### PROMPT
From the first line to the last, set down the material exactly and drop every picture.

### PROVIDED MATERIAL
= Beginning of Section =
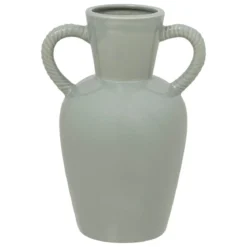 VASE CERAMIQUE ANSE WILD H.23.5CM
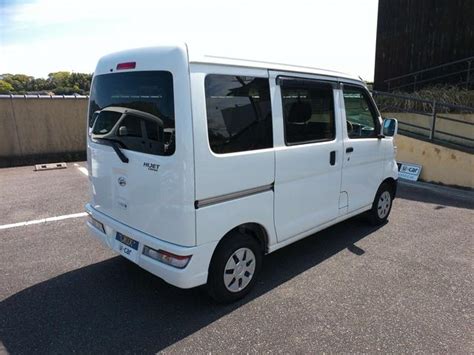 Daihatsu Hijet Cargo Cruise Turbo Sa Iii White Km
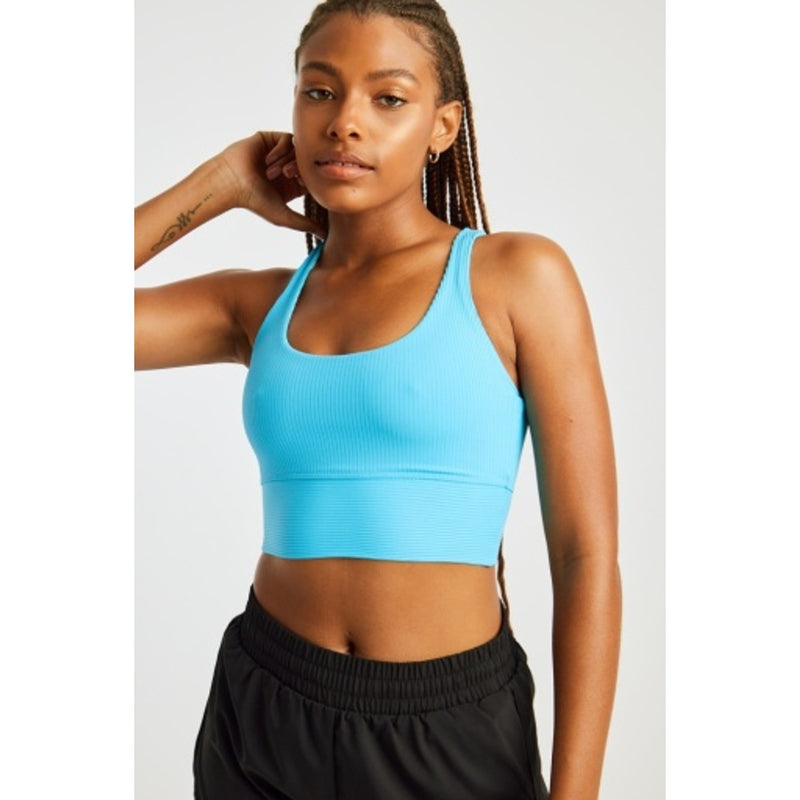 Year of Ours - Womens Ribbed Gym Bra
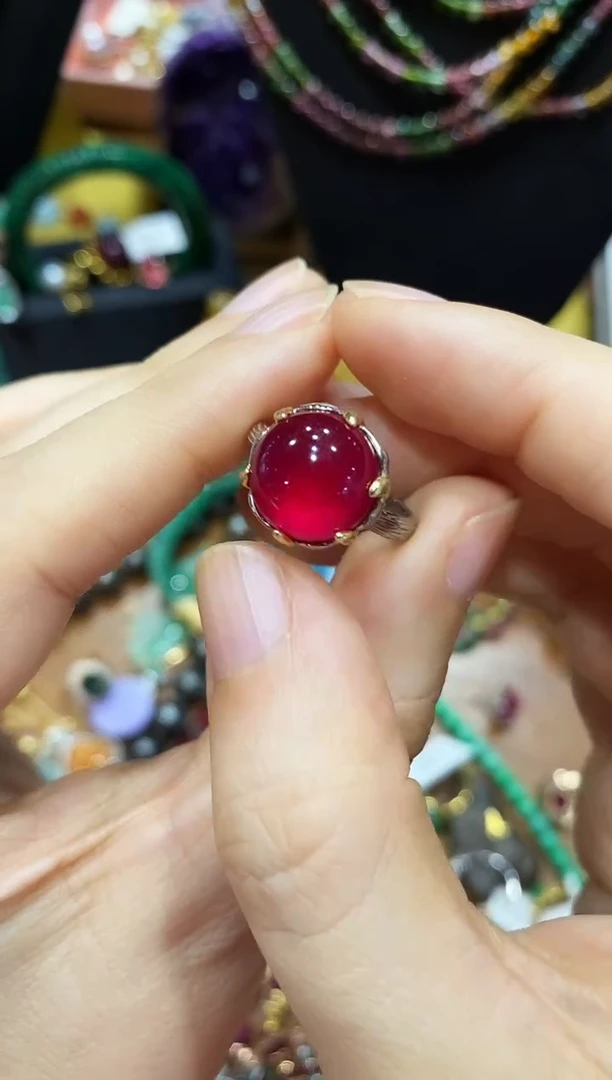 无非金属闪购商品红戒指399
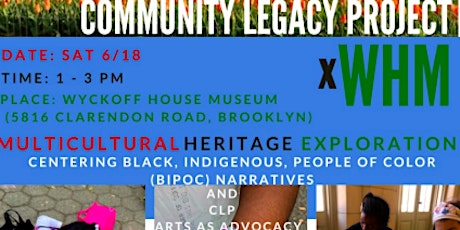 Farmhouse Family Day: Juneteenth w/ the Community Legacy Project tickets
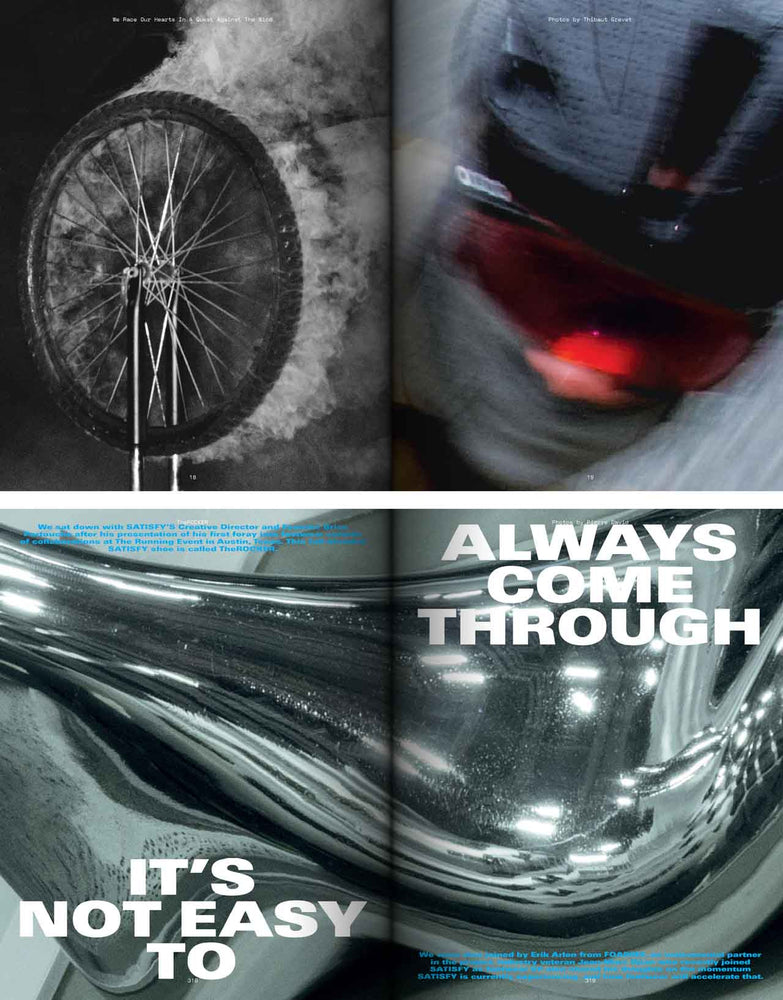 Mental Athletic #3 Satisfy - achilles heel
= End of Section =
### ANSWER TO THIS EXERCISE
 VASE CERAMIQUE ANSE WILD H.23.5CM
 Daihatsu Hijet Cargo Cruise Turbo Sa Iii White Km
 Year of Ours - Womens Ribbed Gym Bra
 无非金属闪购商品红戒指399
 Farmhouse Family Day: Juneteenth w/ the Community Legacy Project tickets
 Mental Athletic #3 Satisfy - achilles heel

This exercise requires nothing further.